## Description of the task
With the pictures omitted, repeat exactly the lines below starting with the line that has "Jillson Roberts Prismatic" and going on through the line that has "Abercrombie & Fitch".

(The input Opens)

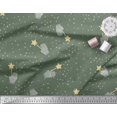thumbnail image 3 of Soimoi Green Rayon Crepe Fabric Musical Symbol & Star Print Fabric by the Yard 46 Inch Wide, 3 of 3
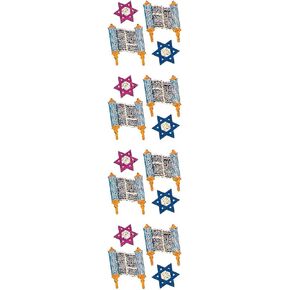 Jillson Roberts Prismatic Stickers, Judaic, Mini Torahs, 12-Sheet Count (S7590)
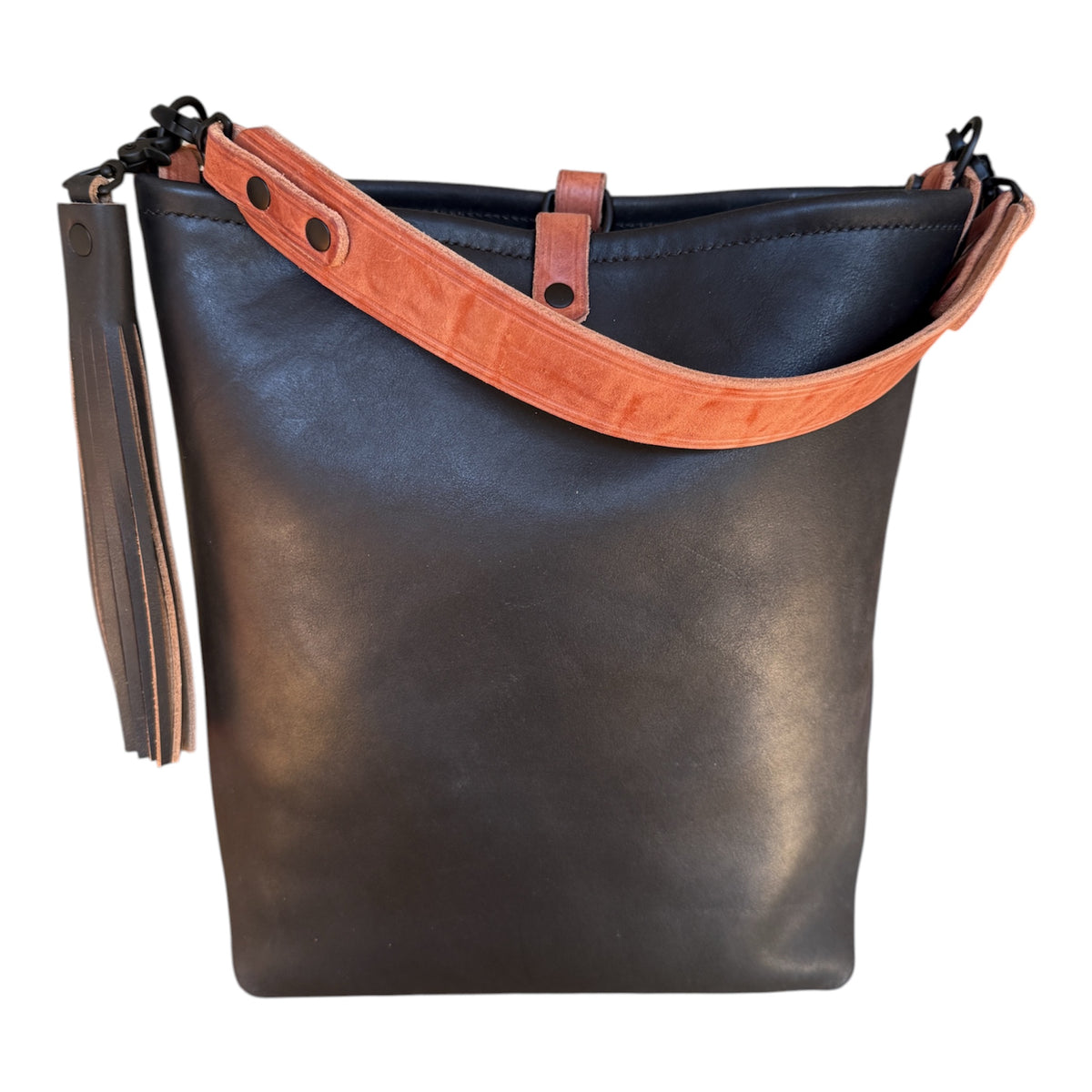 Slim Hobo Bucket in Horween Jet Black Full Grain Leather w/Hermann Oak Strap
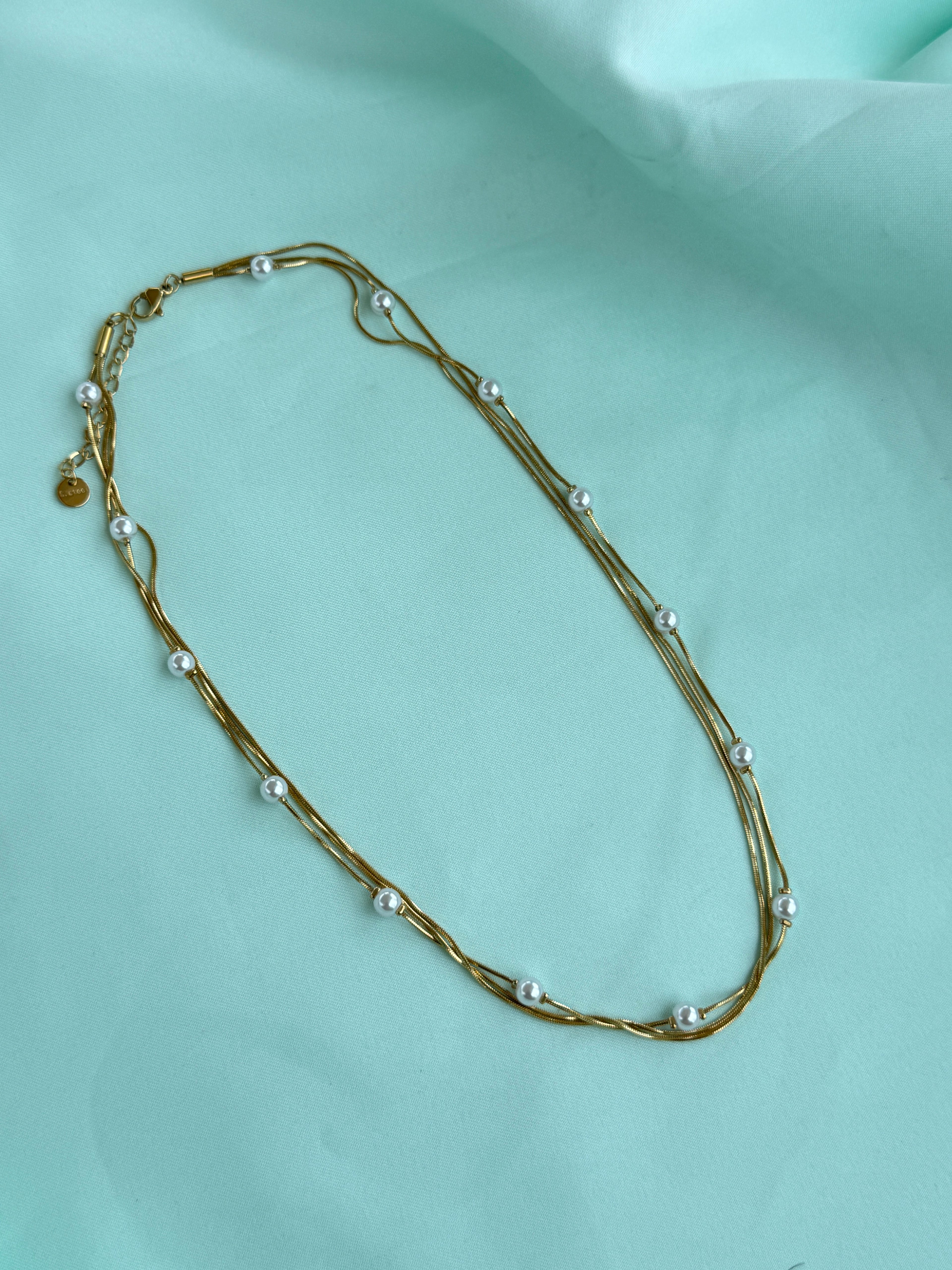 Dc064 anti tarnish pearl 3 layer's 18inches adjustable daily wear chains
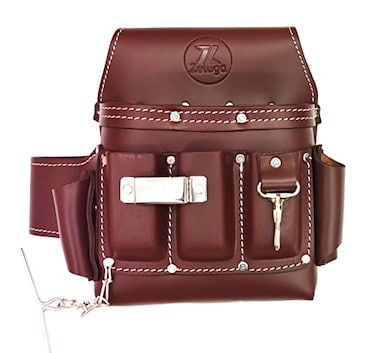 Zeluga 20168 6 Pocket Leather Electrician Tool Pouch Cherry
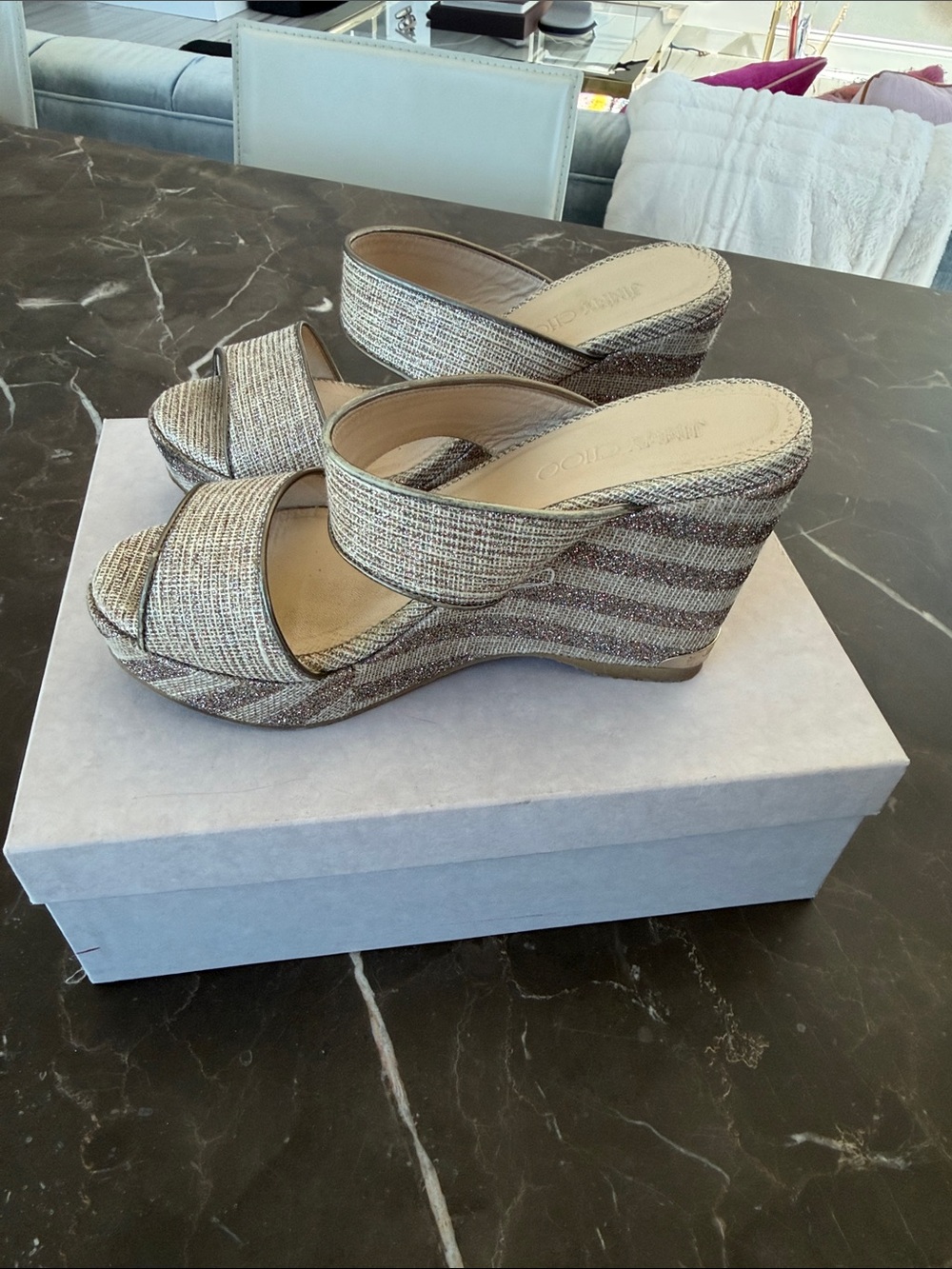 Jimmy Choo Glittered Neutral Wedge Sandals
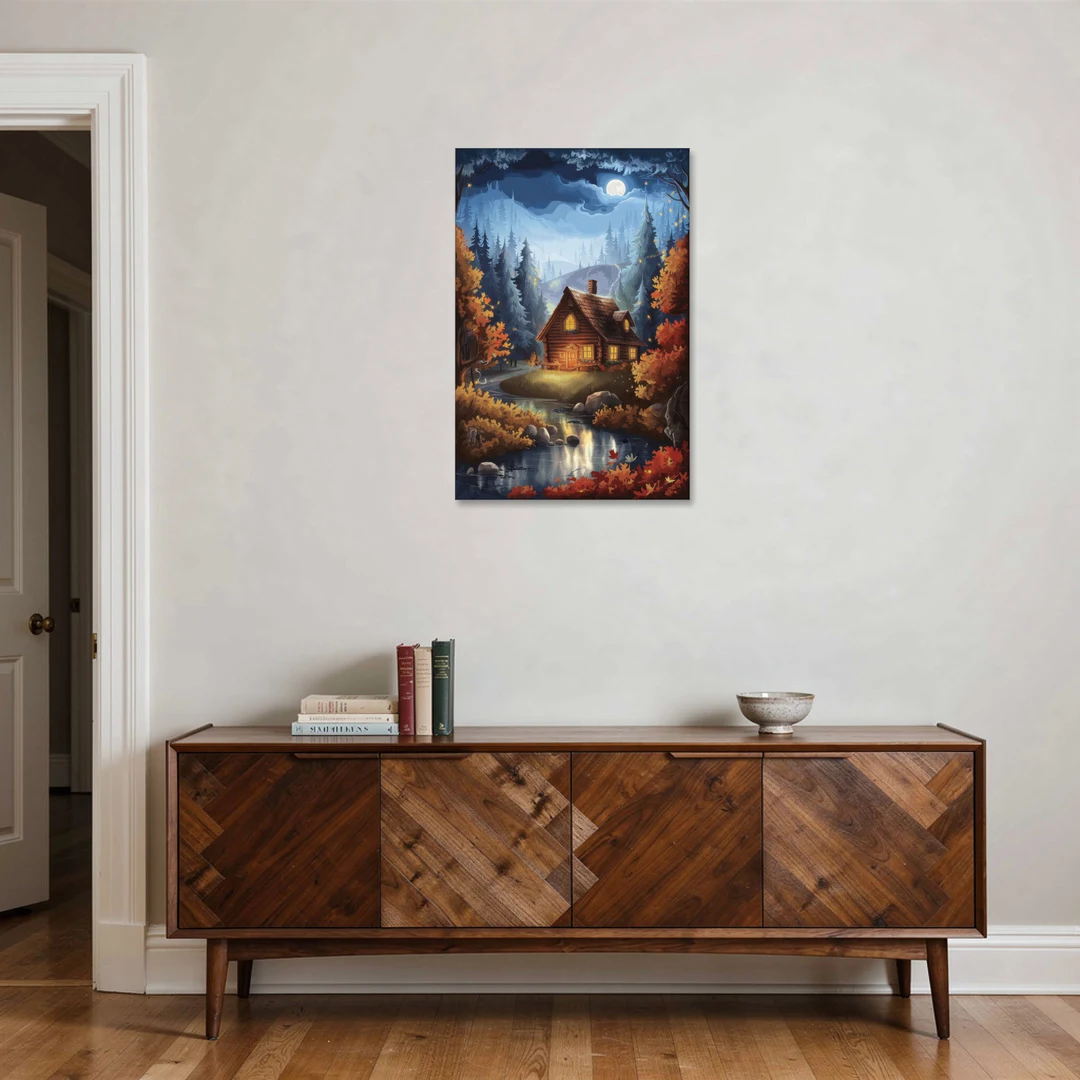 Gatlinburg Cabin in the Woods - Canvas Wall Art - Coffee Table - 24x36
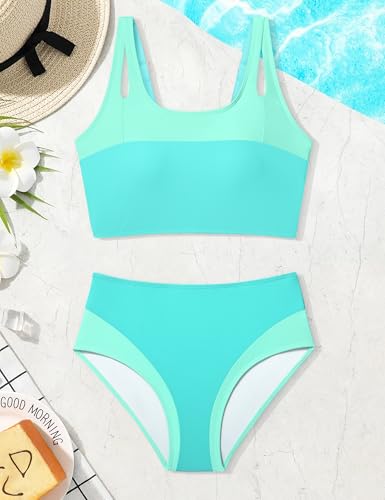Image of Teen Girls Swimsuits V-Neck Bikini Set Bathing Suits Cross Straps Two Piece Swimwear with Drawstring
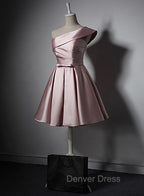 Fashionable Pink Knee Length Satin Short Prom Dress, One Shoulder Bridesmaid Dresses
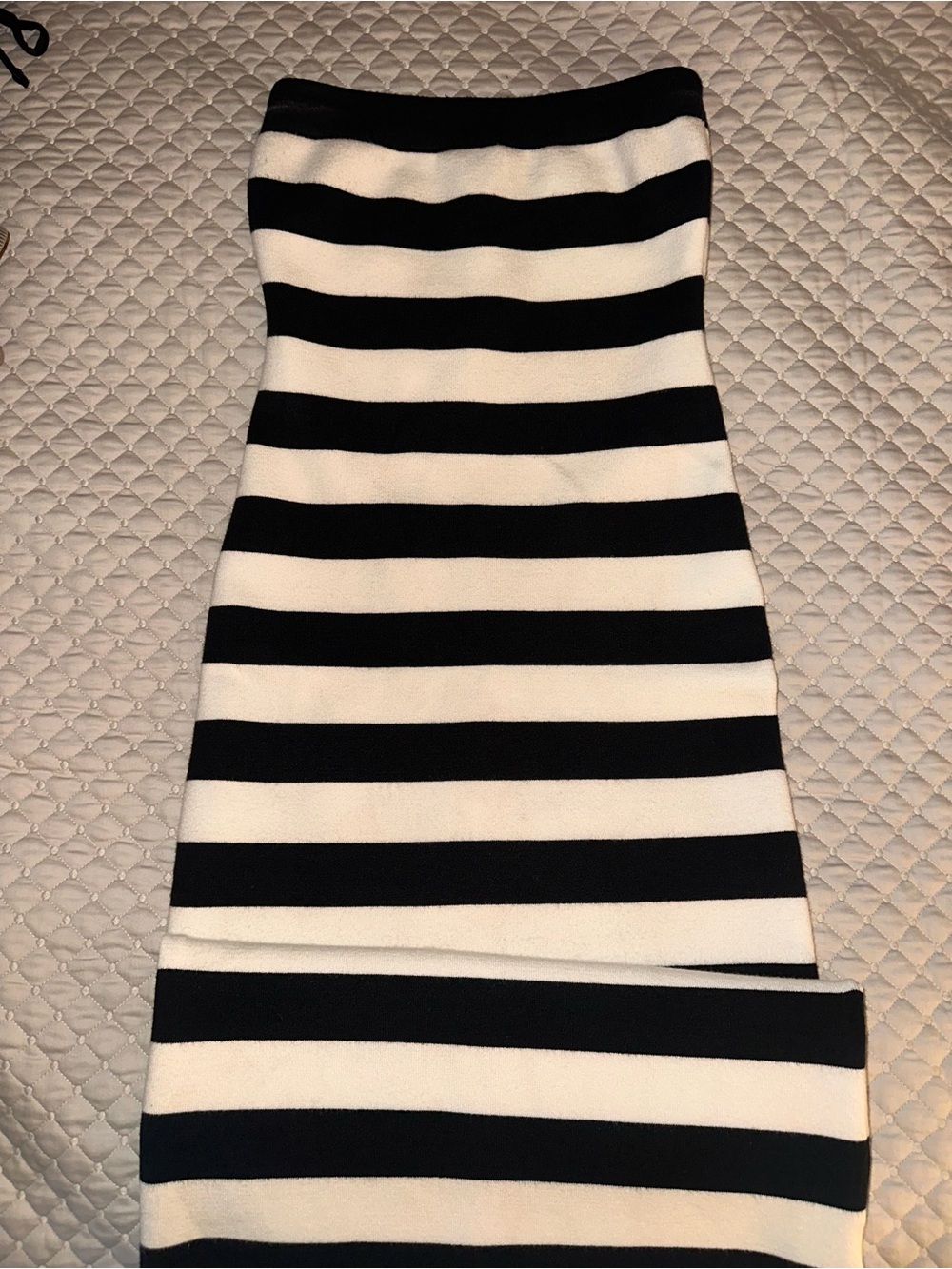 Abercrombie & Fitch Black and White Strapless Stripe Dress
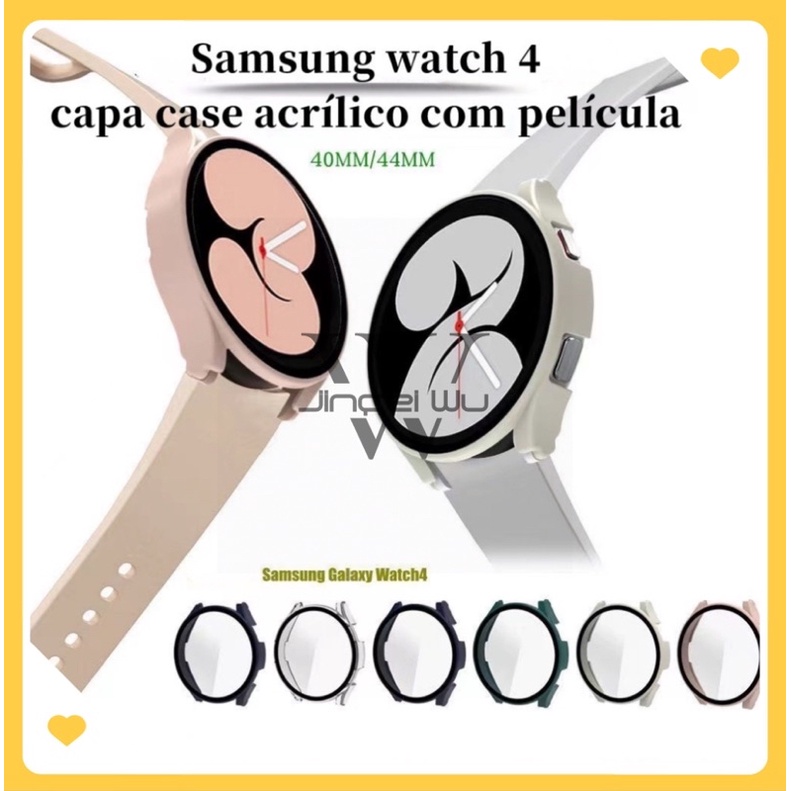 Samsung Watch 4 5 tamanho 40 44 capinha de Acrílico com película para relógio smartwatch 2 em 1 NAO INCLUSO ROLOGIO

(The input Closes)

## Task result
 Jillson Roberts Prismatic Stickers, Judaic, Mini Torahs, 12-Sheet Count (S7590)
 Slim Hobo Bucket in Horween Jet Black Full Grain Leather w/Hermann Oak Strap
 Dc064 anti tarnish pearl 3 layer's 18inches adjustable daily wear chains
 Zeluga 20168 6 Pocket Leather Electrician Tool Pouch Cherry
 Jimmy Choo Glittered Neutral Wedge Sandals
 Gatlinburg Cabin in the Woods - Canvas Wall Art - Coffee Table - 24x36
Image of Teen Girls Swimsuits V-Neck Bikini Set Bathing Suits Cross Straps Two Piece Swimwear with Drawstring
 Fashionable Pink Knee Length Satin Short Prom Dress, One Shoulder Bridesmaid Dresses
 Abercrombie & Fitch Black and White Strapless Stripe Dress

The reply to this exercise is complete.